Working your way through these sections is more familiar territory, much more like the street-to-street fighting from the last episode. On more even terms, the red-eyed foes soon exact a bit of revenge on my rusty gunplay, catching me in a pincer movement. The red mist comes down, accompanied by a smidgeon of professional shame. I'm just about to try and give up my pad to the next journo without making eye contact when the developer manning the demo pod pulls me up. Trusty Rico is at my side, reviving me. Suddenly I'm back in the fray. A second chance, and a welcome gameplay addition.

Losing the minigun and its enemy chewing capacity also brings another new mechanic into play - the much-improved melee system.

Encounters have lost much of their predictability. More open design gives the AI more options, as well as freeing the player from the necessity of hide and peek. This means that's it's now a much more viable option to get up close and personal with the Higs, unleashing the multi-stage and context sensitive CQC kills with rifle butts and the trusty knife. Hit a trooper standing next to a low wall and he'll stumble over it, presenting the perfect opportunity for a finishing back stab. Engage him out of cover and you're likely to be treated to a gruesome eye-stabbing move, accompanied by a wrenching twist of the knife and a sound like a goose hitting a jet turbine.

We're shown a variety of these new moves in a third-person montage, to illustrate both their scope and the subtleties of the new and improved hit-zone system. Rifle butts land crunching blows in the back of knee-caps, knocking troopers from their feet; frontal kicks smash gas masks, stunning opponents to allow the deadly knife to work its stabby magic. We hear the word brutal used so often that it begins to lose meaning.

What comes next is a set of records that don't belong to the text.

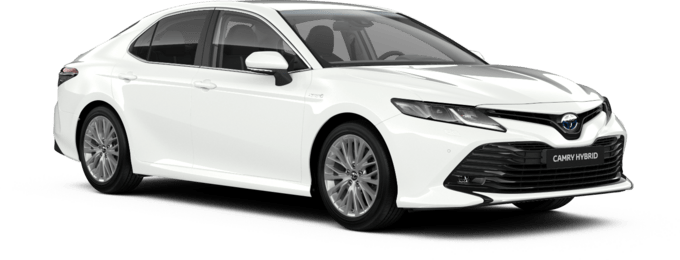 Toyota Camry - SOL - Sedan 4 Dyer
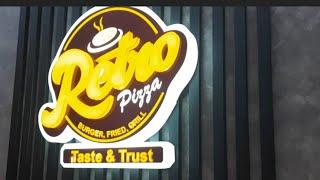 Retro Pizza, Sialkot - Pakistan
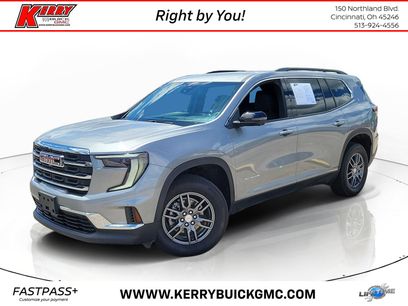 Used 2025 GMC Acadia Elevation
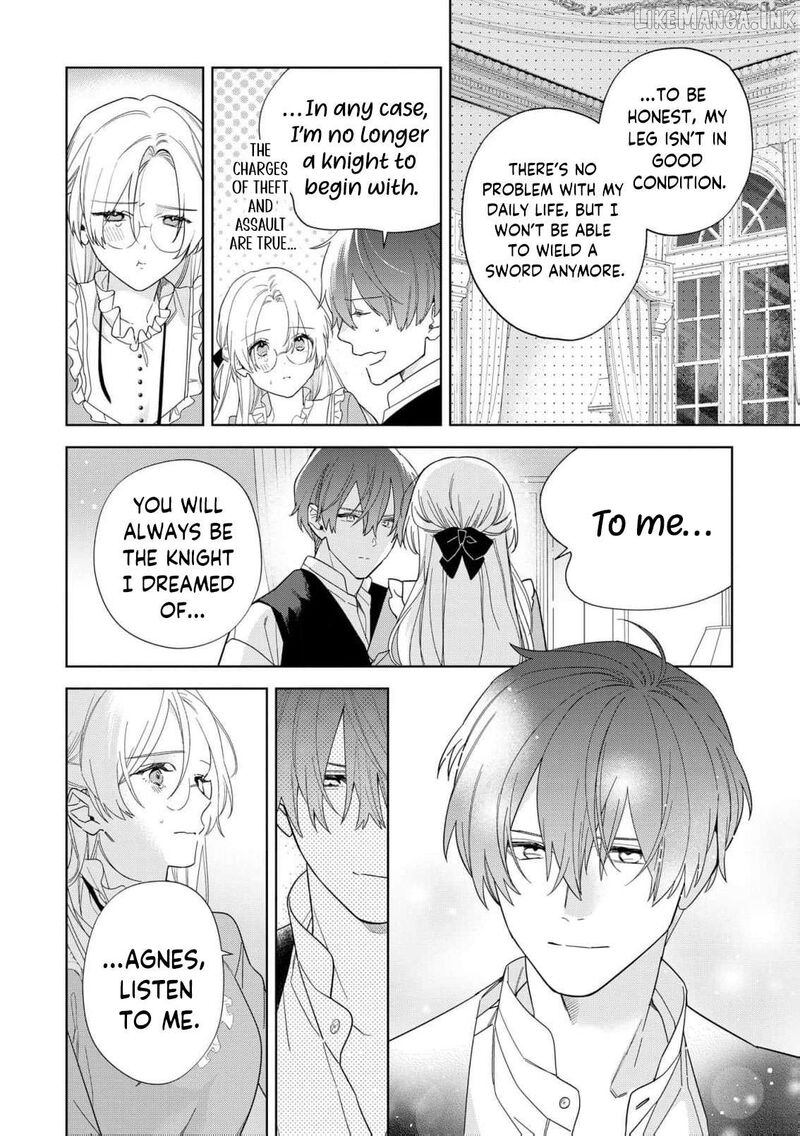Botsuraku Reijou Binbou Kishi No Maid Ni Narimasu 34 29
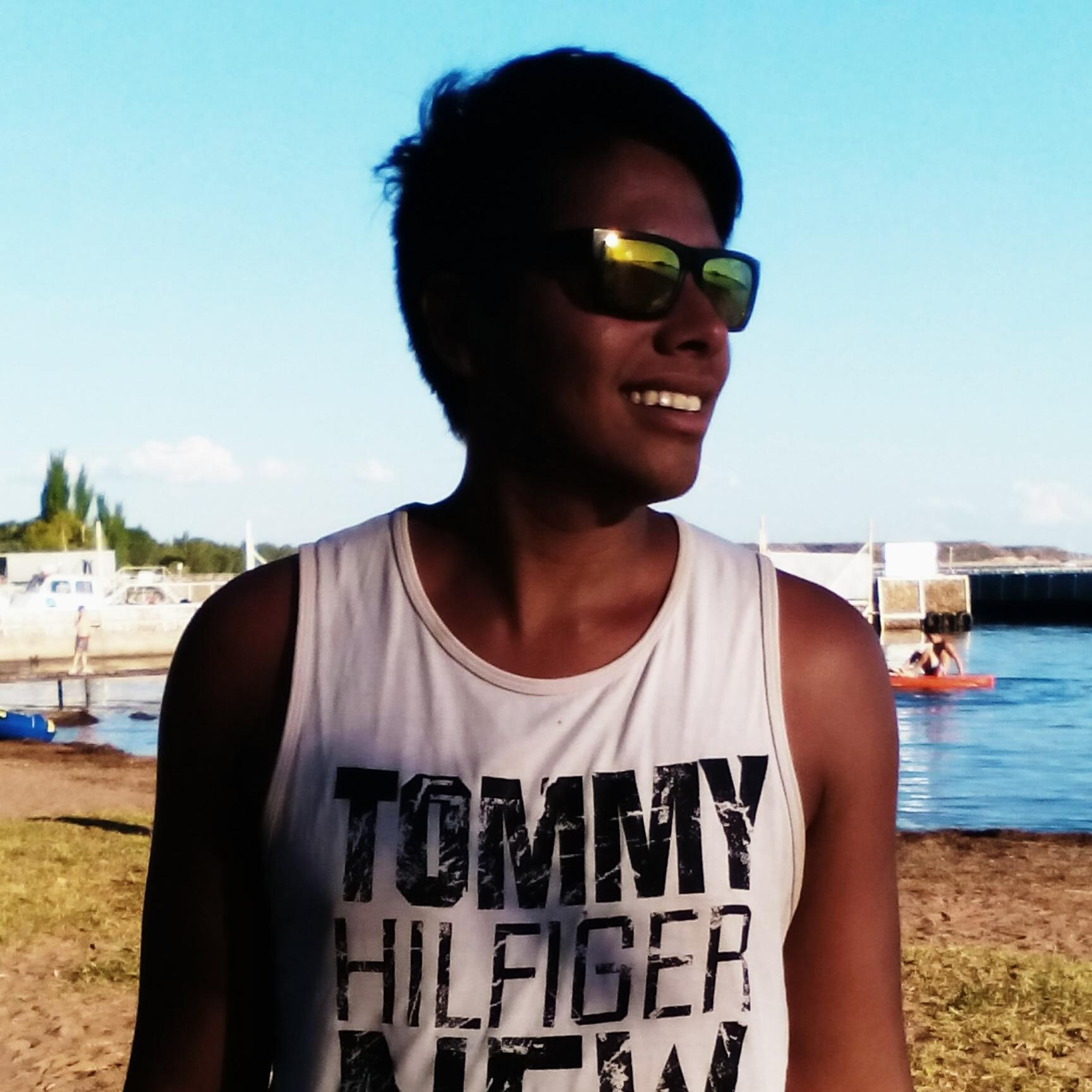 Maykol_Ramos's profile picture. Ingeniería en Biotecnología - UNRN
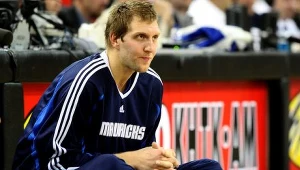 Dirk Nowitzki - as reprezentacji Niemiec i Dallas Mavericks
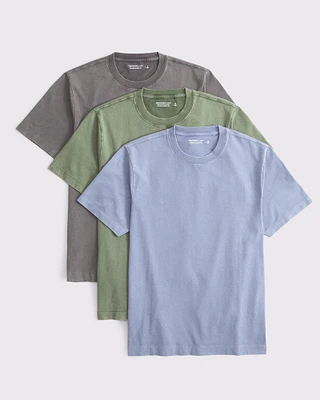 3-Pack Classic Polished Tees
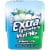 Extra Gum Refreshers Mint Mix Sugar Free Chewing Gum Bottle Perspective: front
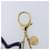 LOUIS VUITTON Porte ClesThai Chainne Charm metal Gold Tone LV Auth 173268V  - view 3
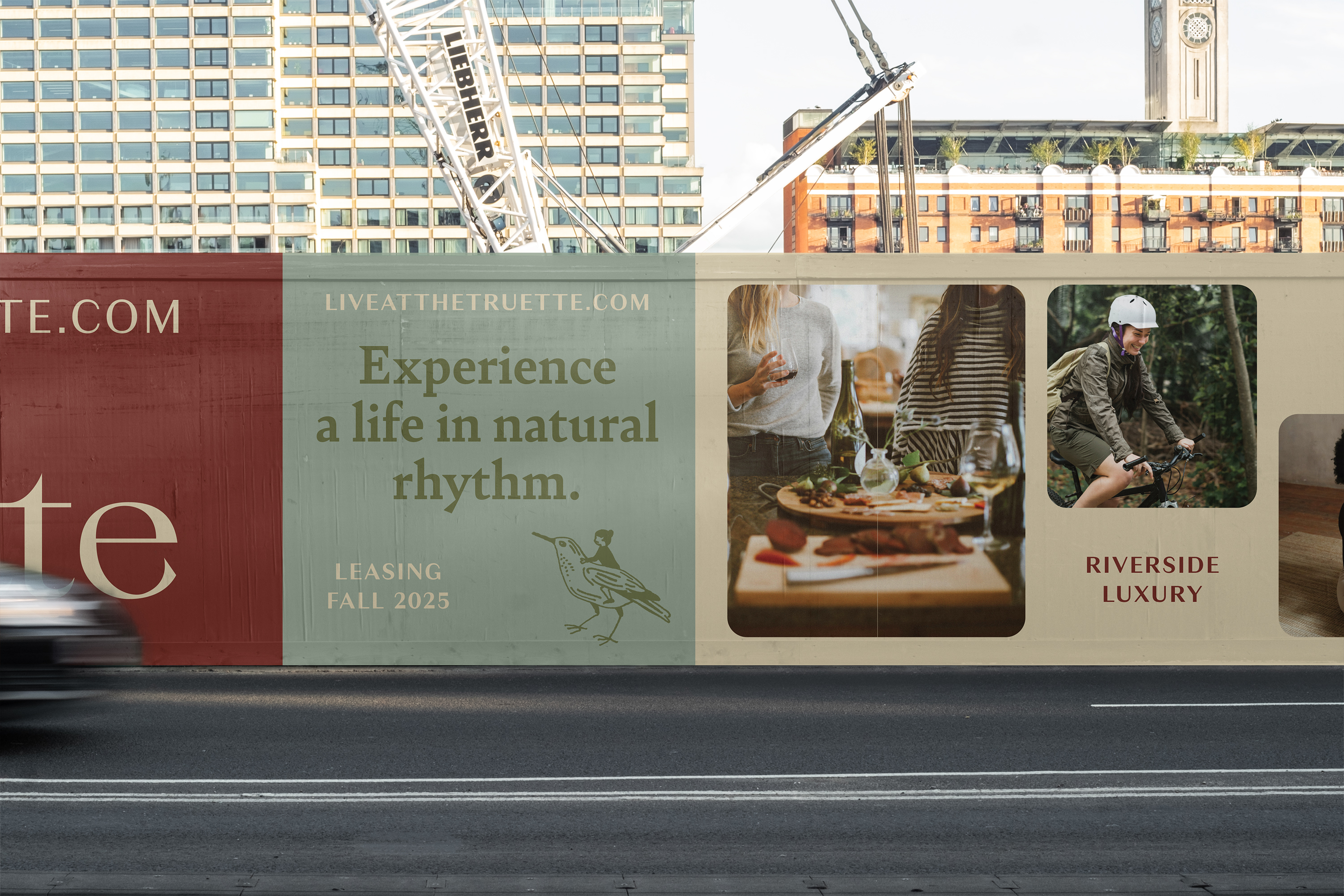 The Truette Signage Package Fence Skrim Mock V2b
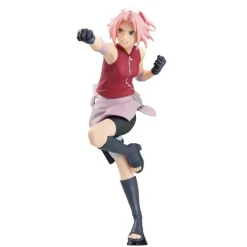 NARUTO SHIPPUDEN VIBRATION STARS HARUNO SAKURA & HYUGA HINATA (A:HARUNO SAKURA)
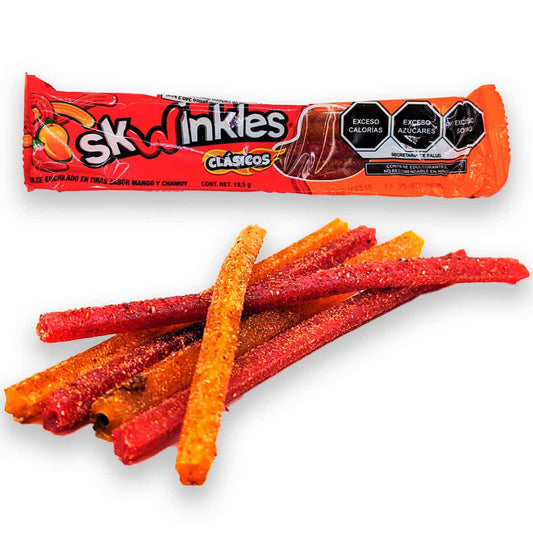 Skwinkles rellenos mango flavor 12ct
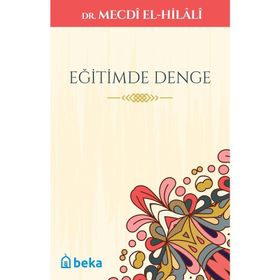 Eğitimde Denge Mecdi El Hilali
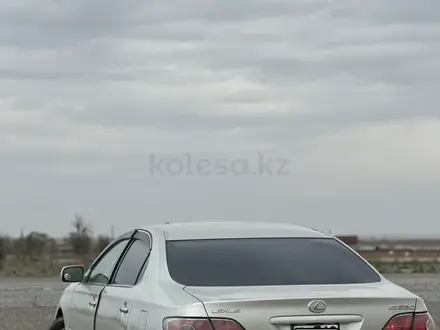 Lexus ES 330 2004 года за 4 500 000 тг. в Алматы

Back on the frontline, Sev finds another new boomstick.

It's a W.A.S.P., which MD Herman Hulst describes as a "portable weapon of mass destruction". This missile launcher spits multiple, homing projectiles, swarming from the barrel before zoning in on hapless targets with devastating results. The secondary fire is even more spectacular. Switching briefly to a green-screen zoom of the battlefield, we paint a target in the distance, one of the Helghan APCs. Release the trigger and there's a split-second's pause. Nothing's left the barrel. A misfire perhaps? The answer comes soon enough - a Javelin-like strike from above, fired by a aerial drone linked to the launcher, which obliterates the target area, using a whole clip in the process.

Jetpacks. Just as awesome as they look.

Killzone's weaponry still retains the sense of weight, impact and effect established in the second chapter, with the hardware feeling suitably futuristic without losing its solid military credentials. It's not quite gun-porn, but chattering away with the armaments we're given is a satisfying experience. From what I can tell, most of the arsenal from KZ2 makes a reappearance, although we're told that the behind-the-scenes numbers have undergone substantial tweaking.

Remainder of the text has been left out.